長田 この4年間を振り返ってみて、近年変わってきたなと思うのは、こちらから行かずとも、いろんな人がFDSに近づいてきてくださるようになったということですね。以前だったら「この人、何?」みたいな見られ方をされることもあったけれど。

澤田 最初は、そうだったでしょうね。

長田 それが、「こういうことやりたい」っていう思いを持っていろんな方が声をかけてくださるようになって。FDSの会員企業も増えてきたので、やっぱり私はもっと横のつながりを強めたいと思っています。それは必ずしも自分たちがつなぐということでなくとも、どんどん関係各社の間で生まれていく何かをバックアップできたらというのが、まず1つ目。
あとは、そうやって渋谷で生まれたものが、他の都市や地域にも広がっていってほしいんですね。
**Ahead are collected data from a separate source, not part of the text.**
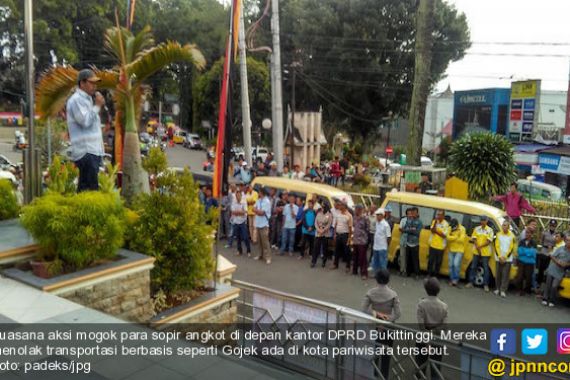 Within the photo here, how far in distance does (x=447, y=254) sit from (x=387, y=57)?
27.8 m

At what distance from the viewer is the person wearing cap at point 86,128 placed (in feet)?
21.4

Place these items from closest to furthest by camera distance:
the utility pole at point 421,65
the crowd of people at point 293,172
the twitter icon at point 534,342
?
the twitter icon at point 534,342 → the utility pole at point 421,65 → the crowd of people at point 293,172

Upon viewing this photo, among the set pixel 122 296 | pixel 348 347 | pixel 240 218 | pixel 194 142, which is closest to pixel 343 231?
pixel 240 218

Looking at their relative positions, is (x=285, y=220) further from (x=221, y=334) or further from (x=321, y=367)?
(x=321, y=367)

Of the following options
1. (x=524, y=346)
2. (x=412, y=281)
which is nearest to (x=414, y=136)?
(x=412, y=281)

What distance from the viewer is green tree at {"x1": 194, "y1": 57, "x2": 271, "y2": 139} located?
42.5m

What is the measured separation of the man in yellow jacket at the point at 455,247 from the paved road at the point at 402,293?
0.97 feet

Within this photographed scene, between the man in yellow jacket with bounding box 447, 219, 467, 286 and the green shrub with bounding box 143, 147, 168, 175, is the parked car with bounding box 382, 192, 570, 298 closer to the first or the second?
the man in yellow jacket with bounding box 447, 219, 467, 286

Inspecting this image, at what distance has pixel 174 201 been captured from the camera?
21.8 feet

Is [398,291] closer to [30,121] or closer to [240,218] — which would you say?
[240,218]

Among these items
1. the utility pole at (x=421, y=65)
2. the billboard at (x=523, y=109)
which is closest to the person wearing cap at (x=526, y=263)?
the utility pole at (x=421, y=65)

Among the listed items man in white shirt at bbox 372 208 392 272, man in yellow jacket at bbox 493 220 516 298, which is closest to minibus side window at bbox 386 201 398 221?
man in white shirt at bbox 372 208 392 272

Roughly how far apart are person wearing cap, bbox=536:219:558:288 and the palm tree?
764 cm

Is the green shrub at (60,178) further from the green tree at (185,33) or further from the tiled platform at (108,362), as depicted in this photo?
the green tree at (185,33) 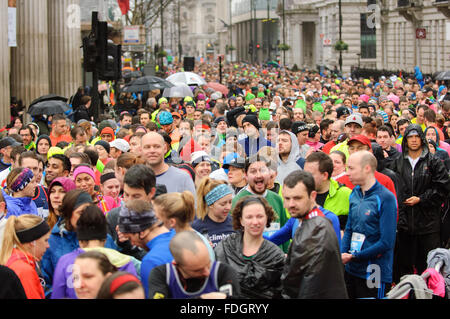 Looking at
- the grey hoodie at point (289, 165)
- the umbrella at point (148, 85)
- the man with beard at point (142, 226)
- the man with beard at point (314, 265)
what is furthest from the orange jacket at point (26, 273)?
the umbrella at point (148, 85)

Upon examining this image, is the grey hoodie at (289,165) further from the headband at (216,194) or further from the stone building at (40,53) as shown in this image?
the stone building at (40,53)

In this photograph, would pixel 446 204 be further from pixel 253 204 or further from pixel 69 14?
pixel 69 14

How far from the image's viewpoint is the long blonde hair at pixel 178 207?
18.5 ft

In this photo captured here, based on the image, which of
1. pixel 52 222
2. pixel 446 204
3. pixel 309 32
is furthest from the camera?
pixel 309 32

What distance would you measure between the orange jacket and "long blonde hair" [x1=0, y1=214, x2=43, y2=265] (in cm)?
4

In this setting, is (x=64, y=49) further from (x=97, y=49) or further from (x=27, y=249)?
(x=27, y=249)

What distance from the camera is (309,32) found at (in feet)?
299

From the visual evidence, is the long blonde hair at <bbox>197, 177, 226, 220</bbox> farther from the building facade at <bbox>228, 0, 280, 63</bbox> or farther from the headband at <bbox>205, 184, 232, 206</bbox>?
the building facade at <bbox>228, 0, 280, 63</bbox>

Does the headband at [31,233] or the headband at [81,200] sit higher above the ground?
the headband at [81,200]

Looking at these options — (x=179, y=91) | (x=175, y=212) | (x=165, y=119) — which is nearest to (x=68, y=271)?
(x=175, y=212)

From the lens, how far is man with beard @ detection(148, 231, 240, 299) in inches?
184

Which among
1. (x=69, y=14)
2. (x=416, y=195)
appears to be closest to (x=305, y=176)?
(x=416, y=195)

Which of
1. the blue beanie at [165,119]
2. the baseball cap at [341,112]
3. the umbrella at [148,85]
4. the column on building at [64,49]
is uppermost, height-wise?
the column on building at [64,49]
澤田 「渋谷未来デザイン」と言っているけれど、次の目標はそこから「渋谷」を外すことかもしれないですね。渋谷だけではなくて「ミライデザインカンパニー」になる。

長田 やっぱり他の地域からも問い合わせが来るんですよね。我々は渋谷を中心にしているから、我々だけではそんなにいろんなことはできないけれど、我々がハブやネットワークとしての機能をもっと強めることができれば、できることの可能性も広がるし、それがより広い地域へも広がっていくと思うんですよね。設立5年目のFDSは、これまで以上にいろんな人たちの力を集結させて、その人たちがつながってできることをどんどんバックアップしていきたいです。

澤田 それともう一つ期待したいのは、FDSに関わる人の日本人比率を50%以内にしてほしい、ということです。つまり、世界の人材を登用していってほしいという思いがあります。今、オンラインでも仕事はできますから、これはニューヨークの誰と共創しよう、これはパリの誰に協働しよう、というようなグローバルなネットワークを持った組織になるといいですね。世界中の人から知られた存在の「渋谷」なら、きっとそれができると思います。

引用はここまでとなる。